Tuesday, December 30, 2003

More reasons to be thankful it's late December

Dave Barry's year-ender is out. Monday, Dave participated in an online chat via The Washington Post. The transcript is here. Money question/answer:

Washington, D.C.: PC or Mac?

Dave Barry: I have both. That is the kind of cyberstud I am. I like them both for different reasons: The Mac beacause of the terrific design and ease of use, and the PC because I enjoy talking to the fun guys 'n' gals at Technical Support.

Rewriting the rules?

USA Today's fairly evenhanded cover story on blogs (primarily political ones) overlooks some of the bigger players but doesn't overstate the importance of the phenomenon, either.

It's blo-o-g, It's blo-o-o-g, it's big, it's heavy, it's wood ...

Much belated here, but this fine publication gets a "thumbs up" from Las Vegas Weekly columnist Richard Abowitz in a Nov. 26 review of blogs by local journalists. Abowitz didn't have much good to say about many of them, save those from Las Vegas City Life writer Mike Zigler and me. For some odd reason, the column is not available on the Weekly's Web site, so through the magic of typing, here's a bit of shameless self-promotion:

My favorite blog comes from Rick Henderson. Like Zigler, Henderson offers in his blog an opinionated, behind-the-scenes account of political events in Nevada. But Henderson's blog abandons the personal entirely [well, kinda ... ed.] in favor of a far more comprehensive take on every issue that has made the local papers. Where Zigler dedicates a few sentences to his impression of Dean [during his fall campaign stop in Las Vegas], Henderson analyzes everything about the candidate, the campaign, and the speech.
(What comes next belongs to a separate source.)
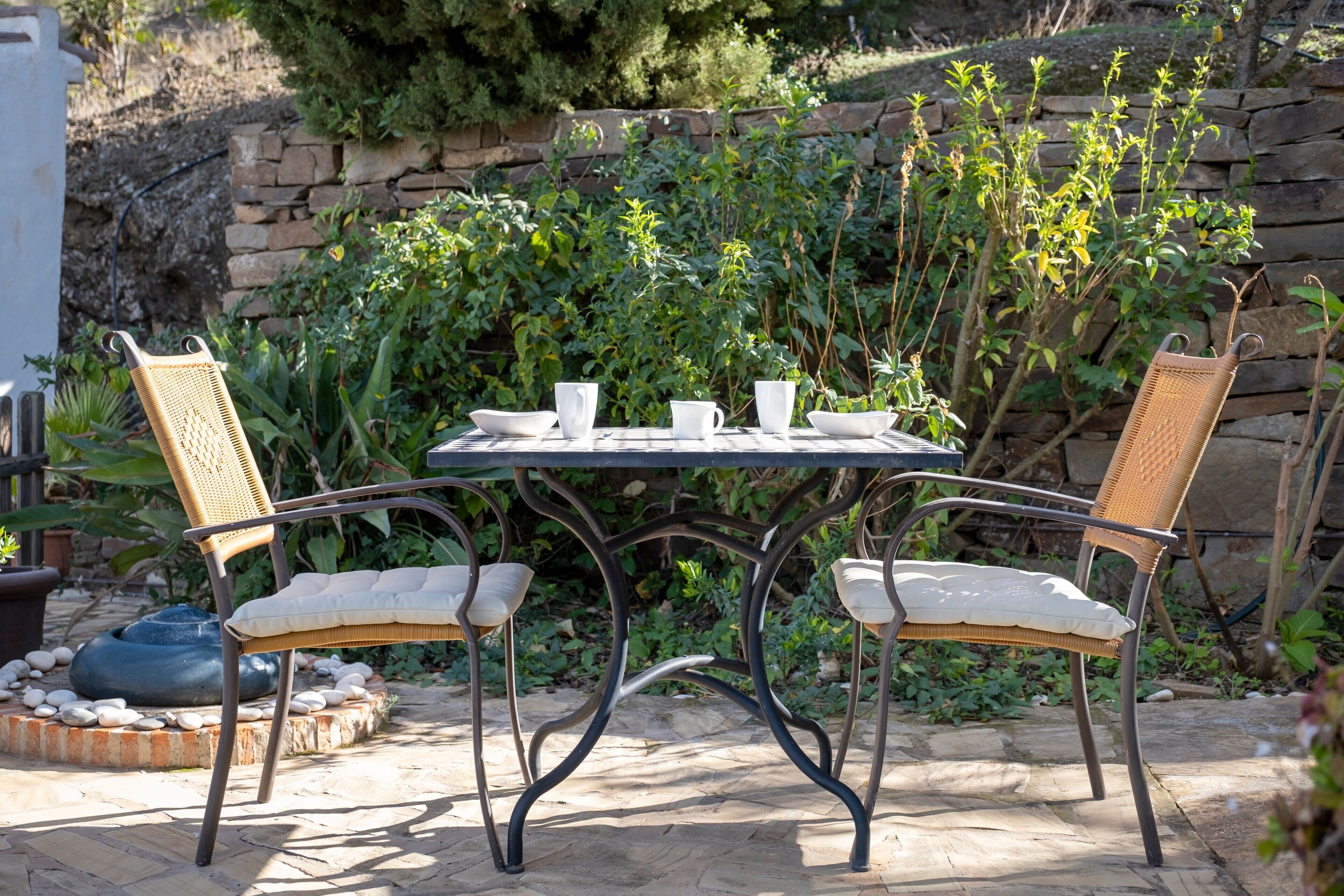 Un patio con una mesa redonda y dos sillas de mimbre, rodeado de follaje y un muro de piedra.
Best of all, Henderson is never dull to read. ...

Sounds like a blurb to me.

So now I'll stop abandoning the personal entirely

Yes, we had a somewhat significant snow storm here overnight. Our part of town got the most -- there may be a couple of inches accumulated on the grass, trees, and shrubs, and some slush on the pavement. Since we're personally such Luddites, we don't have a digital camera, but I was out there around dawn, taking photos the old-fashioned way before the stuff melts. (The temperature is already above freezing and is expected to reach the low 50s today.) If we happen to receive e-mail with photos from friends and neighbors, I'll post something. Or I'll steal it from the RJ's Web site. Once the photo disc gets back from Costco, I'll post more.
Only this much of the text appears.